Data records Start Marker
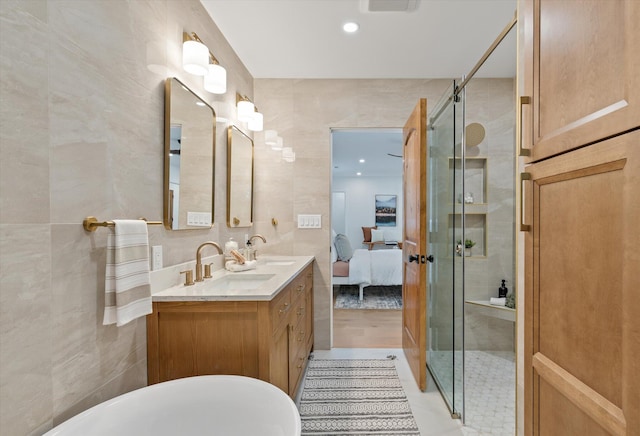 bathroom featuring vanity, tile walls, a shower with shower door, and tile patterned flooring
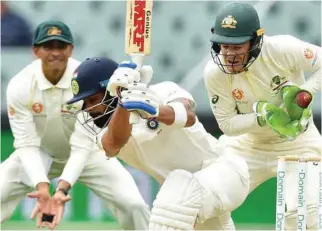  ?? – AFP ?? MASTER BATSMAN: India’s captain Virat Kohli is caught by Australia’s captain Tim Paine during the first Test cricket match at the Adelaide Oval.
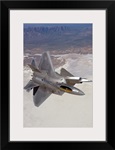 Two F-22 Raptors maneuver while on a training mission over New Mexico
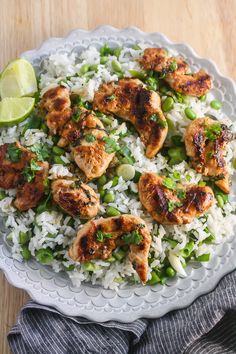 a white plate topped with rice and chicken on top of a wooden table next to a lime wedge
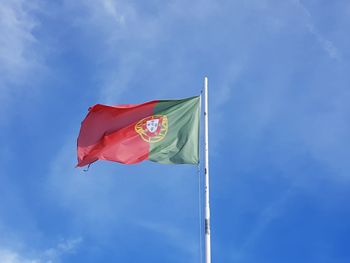 Low angle view of flag against blue sky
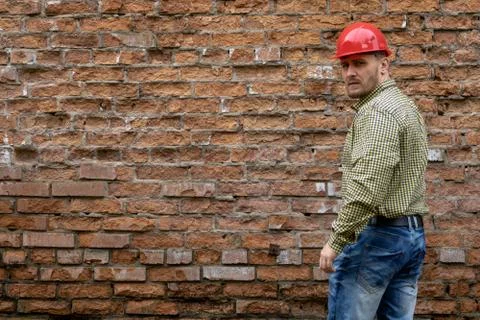 Builder in a hard hat on a brick wall background. Stock Photos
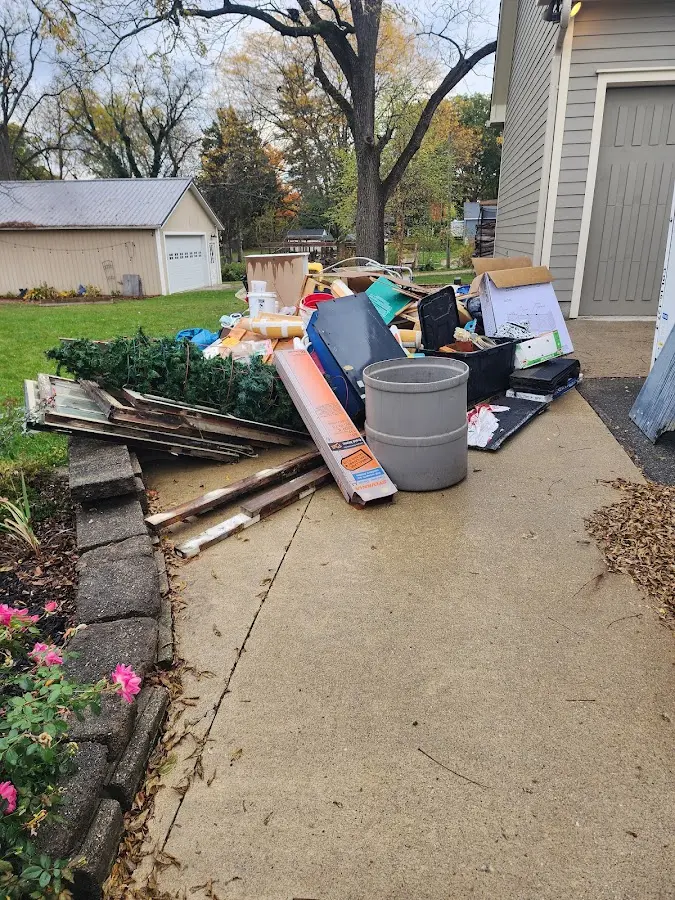 Dumpster being loaded with debris for Demolition Dumpster Rental in Needham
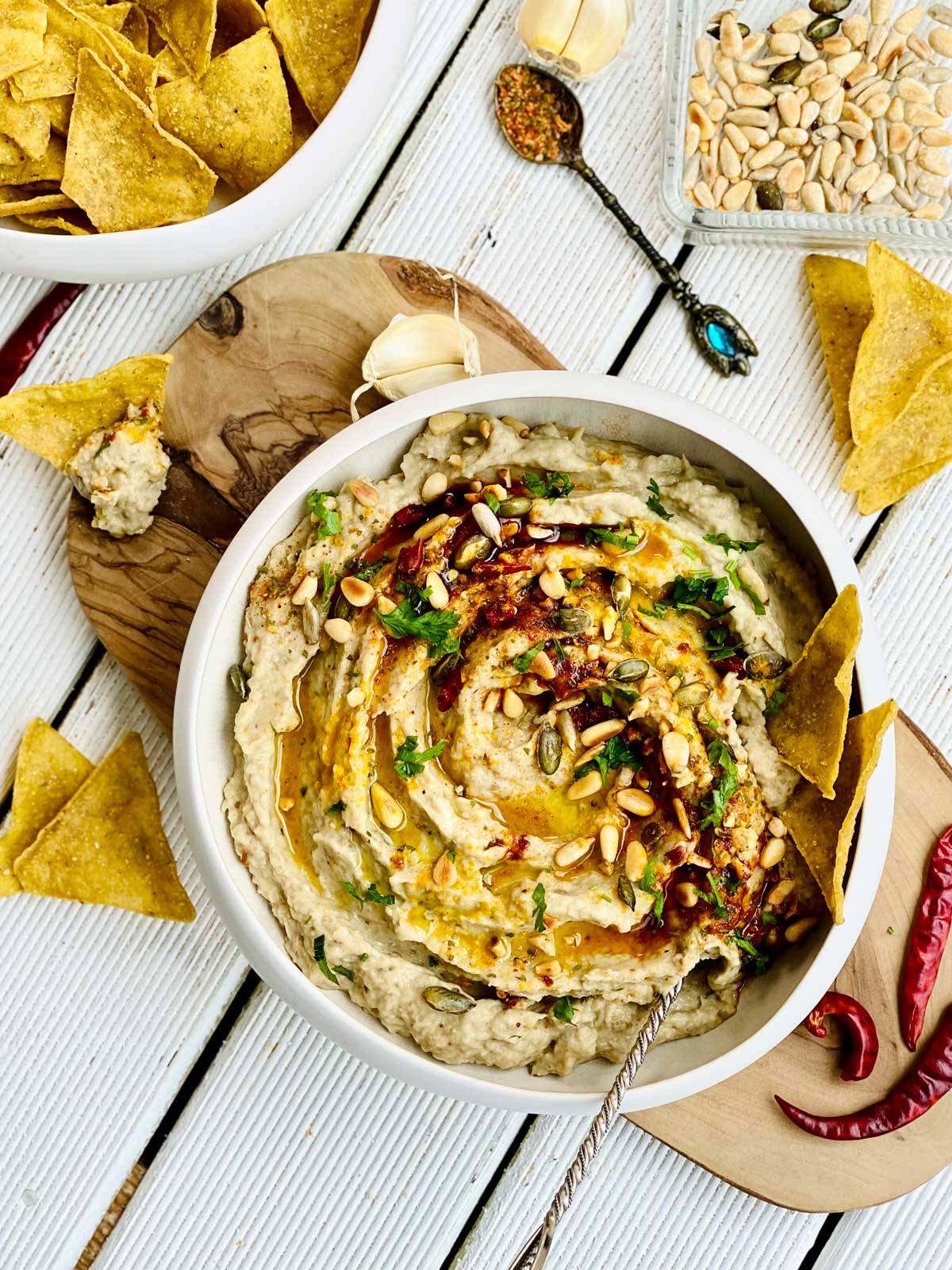 Creamy eggplant dip spread birdsview in an ivory deep plate placed on a wooden board with red chillies and tortilla chips scattered around the sides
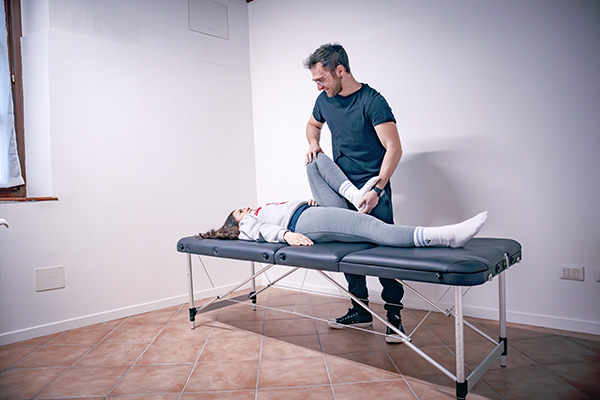 Un fisioterapista intento a svolgere un trattamento a una paziente sul lettino.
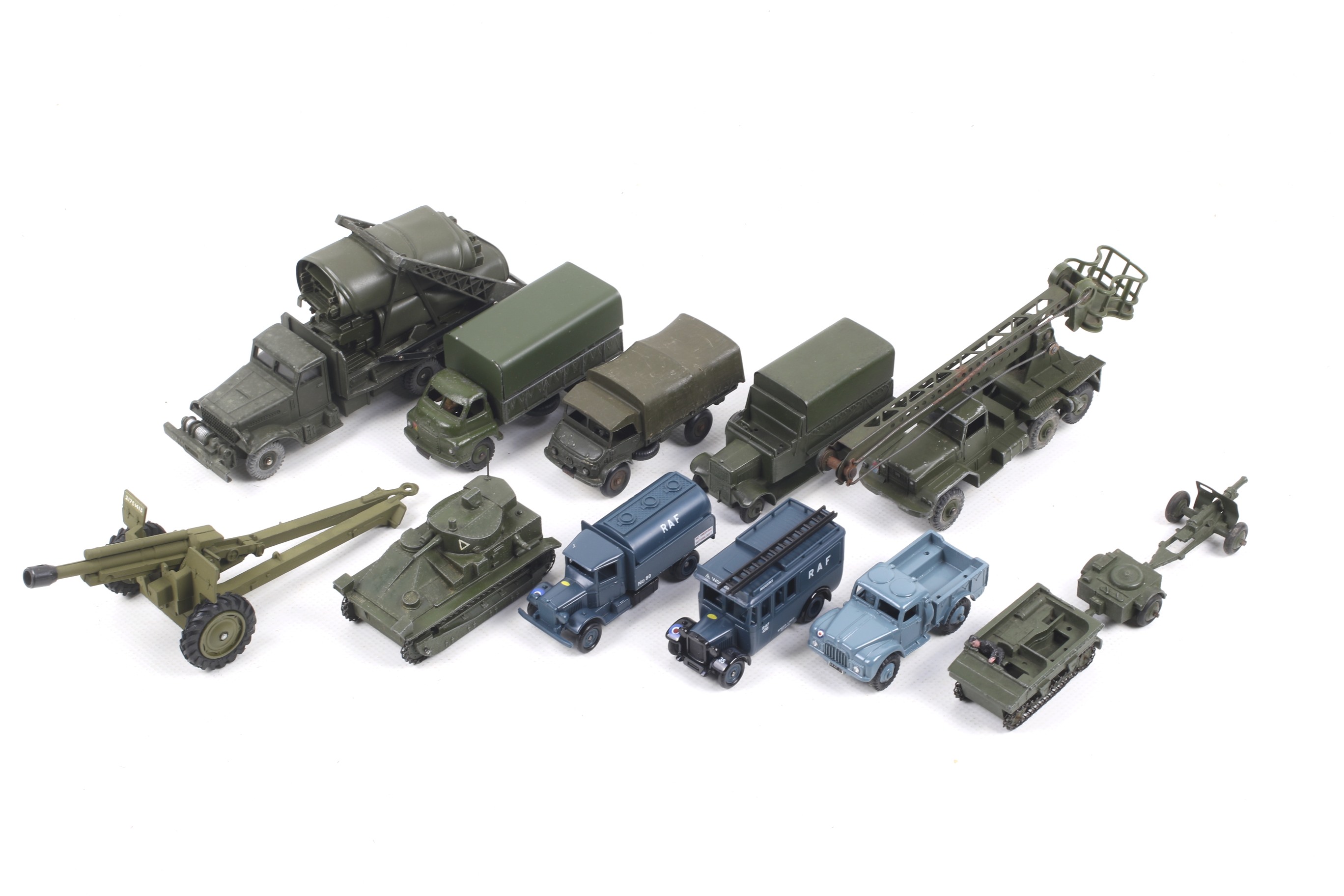 Ten diecast military vehicles. From Dinky and Corgi, noting trucks and field guns etc, all unboxed.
Data records End Marker
Task requirements: Output the records exactly as they appear, skipping any pictures.

Your response:
 bathroom featuring vanity, tile walls, a shower with shower door, and tile patterned flooring
  ?? – AFP ?? MASTER BATSMAN: India’s captain Virat Kohli is caught by Australia’s captain Tim Paine during the first Test cricket match at the Adelaide Oval.
 Two F-22 Raptors maneuver while on a training mission over New Mexico
 a white plate topped with rice and chicken on top of a wooden table next to a lime wedge
 Low angle view of flag against blue sky
 Builder in a hard hat on a brick wall background. Stock Photos
 Dumpster being loaded with debris for Demolition Dumpster Rental in Needham
 Creamy eggplant dip spread birdsview in an ivory deep plate placed on a wooden board with red chillies and tortilla chips scattered around the sides
 Un fisioterapista intento a svolgere un trattamento a una paziente sul lettino.
 Ten diecast military vehicles. From Dinky and Corgi, noting trucks and field guns etc, all unboxed.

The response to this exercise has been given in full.